The state also lost what some attorneys following this case say was a key statement made by Officer Porter.

Porter told a detective early in the investigation that he heard Gray say he couldn't breathe while he and Goodson checked on him in the van at stop four.

It was a statement the medical examiner relied on to rule Gray's death a homicide, that Goodson willfully ignored Gray's plea resulting in depraved heart murder.

But since the statement was not recorded as part of Porter’s formal interview, it was merely jotted down in the detective's notes during a brief phone call, Judge Williams ruled it is hearsay and therefore not admissible.

It is a ruling some attorneys say removes the “callous disregard” needed to prove or declare Gray’s death a homicide by the medical examiner.
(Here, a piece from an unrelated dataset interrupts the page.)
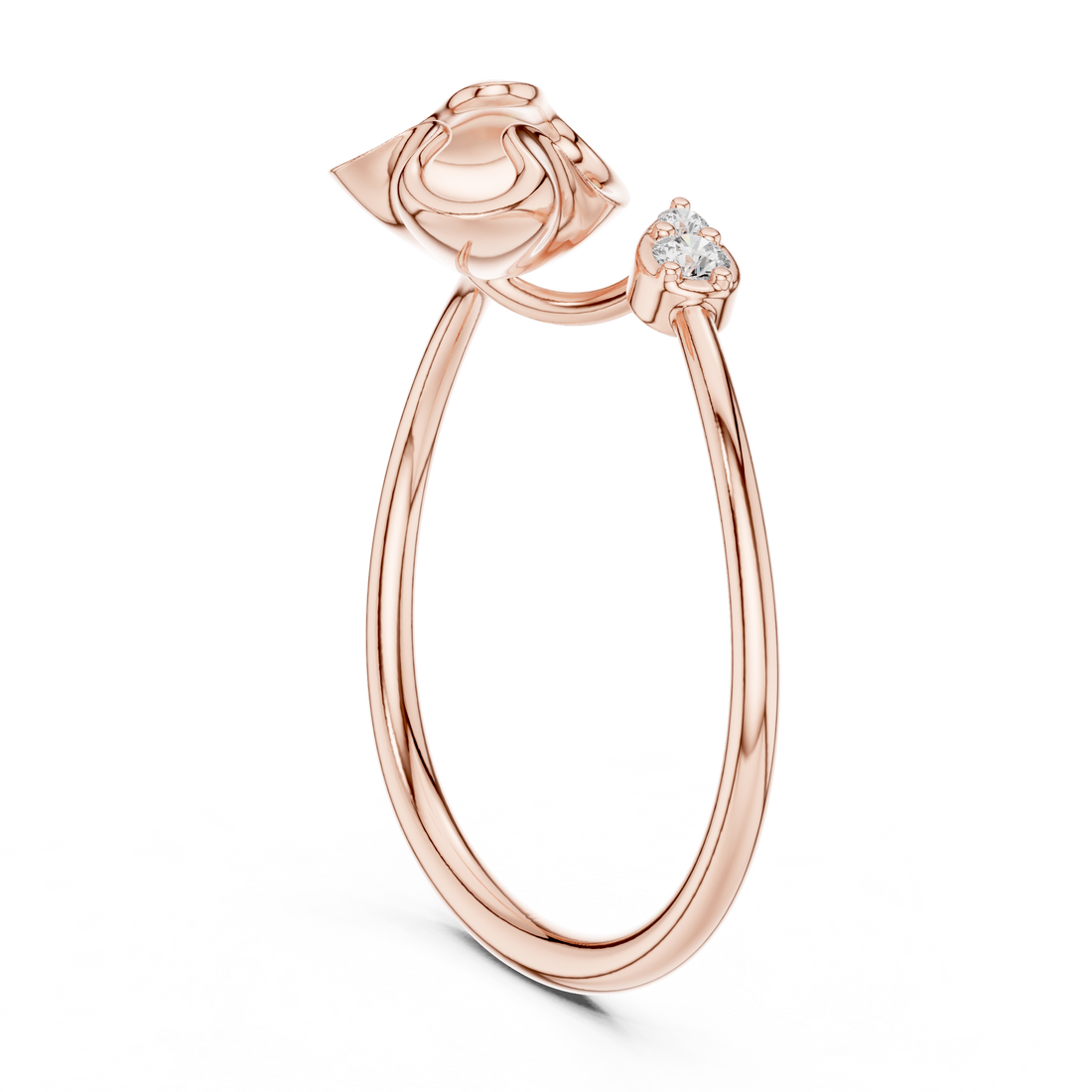 1 (209) - Fashion Round Ring - White Gold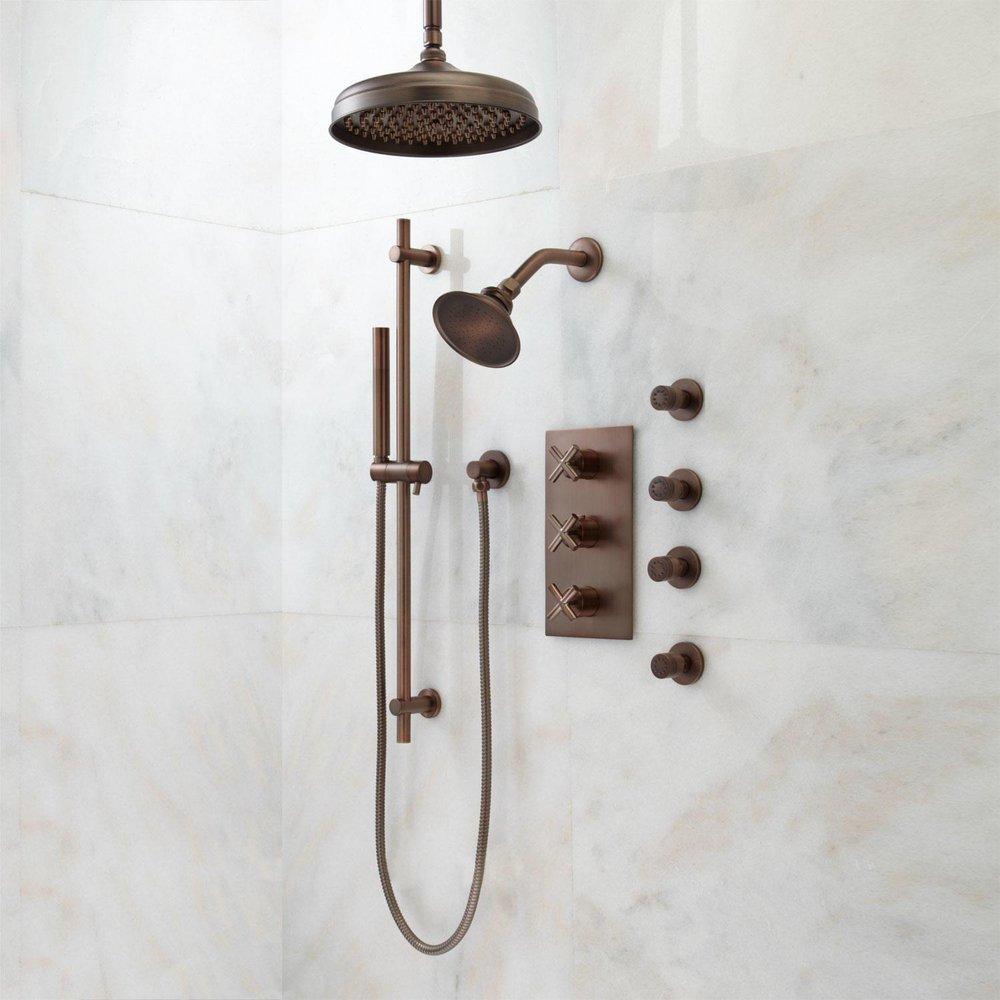 Signature Hardware Oil Rubbed Bronze EXIRA THERMOSTATIC SHOWER SYSTEM -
"Well now what you have is there is no evidence that Officer Goodson was told by Officer Porter that Freddie says, I cannot breathe and so the basis of her findings is now evaporated," Brown said.

Others following this case feel the state has other options along the way to prove Freddie Gray was in trouble and that Goodson had to have known it.

What is more concerning they say is a second bench trial.

While well within the officer's right, the optics of it may be troubling to some following this case.

"It deprives the community of being represented through a jury and having decisive role in the outcome of this case," said University of Maryland Law Professor Doug Colbert.

Still, a bench trial is an established right for any defendant in the state of Maryland; Officer Goodson’s will begin Thursday at 9:30 in the morning.